У него замечательный есть рассказ. Говорит, уже все, никого нет, сижу за столиком, понимаю, что мне надо просидеть до четырех утра, и все, я свободен. В полпервого вбегает метрдотель, и по лицу понятно, что идет кто-то важный. Входит тройка подвыпивших молодых людей. Он пишет: «Я понял — конец моему спокойному вечеру». Они пришли, сели. Вертинский поет программу, потом садится за свой столик, один из молодых людей подсаживается к нему и на очень плохом французском языке с английским акцентом начинает рассказывать. Что вот вы, говорит, поете русские песни, а у меня в Англии есть одна знакомая, которая мне подарила пластинки русского певца, и, страшно коверкая, произносит фамилию — Вертинский.
Александр Николаевич говорит: «Я и есть Вертинский». — «Это вы?! Не может быть! А почему вы здесь? Почему вы здесь поете? Я думал, вы в России, у себя». — «Если бы я был у себя, то вы бы не слушали моих пластинок».

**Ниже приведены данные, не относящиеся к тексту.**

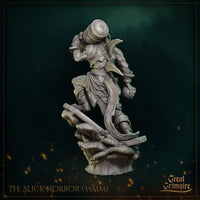 The Sick Horror by Great Grimoire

— Которых там еще и не было.
— Дело даже не в этом. Этот человек приглашает Вертинского на следующий день встретиться в ресторане. Пришло назначенное время, Вертинский надел фрак, приехал в ресторан, его знали в Париже, и метрдотель спрашивает: «Вы один?» — «У меня здесь назначена встреча...» И вдруг он понял, что не спросил этого англичанина, как его зовут. Вспомнил, как тот говорил, что у него столик у камина. «Столик у камина? Этого не может быть, он забронирован на две недели». И тут Вертинский увидел вдалеке большую компанию людей, тетушек, дядюшек с очень богатыми украшениями, и от них идет этот человек белокурый, но уже в безукоризненном фраке. А тогда он был в свитере. Официант говорит Вертинскому: «Вы знаете, кто это? Принц Уэльский». И таких историй в жизни этого артиста очень много. Потом Вертинский попадает — я просто зачитывался этими историями! — он попадает в тюрьму в Бессарабии. За ним следили, так как его появление в этой стране, где было много русских, наделало шуму. Его принимали шикарно! Это вызвало подозрение: почему его так принимают, вероятно, он пропагандист, он за советскую власть... Ему запрещают выступать и до выяснения личности задерживают на несколько дней. Он сидит в кутузке и там знакомится с каким-то вором-международником «золотые руки». Позже в Кишиневе во время выступления Вертинского входит гость. Вертинский узнает его по красивым, лощеным рукам, когда тот закуривает. «Вацек, привет!» — «Саша, ты что здесь делаешь, поешь? Как ты тут вообще оказался?..» В общем, он накрывает поляну на 50 человек, угощает всех. Вертинский делится с ним планами, что хотел бы уехать в Германию, но нет денег. «Сколько тебе не хватает? Здесь 30 тысяч, хватит?» Хватило бы на десять таких поездок. Вертинский сказал: «Вацек, если когда-нибудь в какой-нибудь стране мира ты провалишься, попадешь в неловкую ситуацию и я буду в этой стране, дай мне знать. Я продам все свои костюмы, продам все ноты, займу, украду, но тебе помогу». Вот так они распрощались и больше не виделись.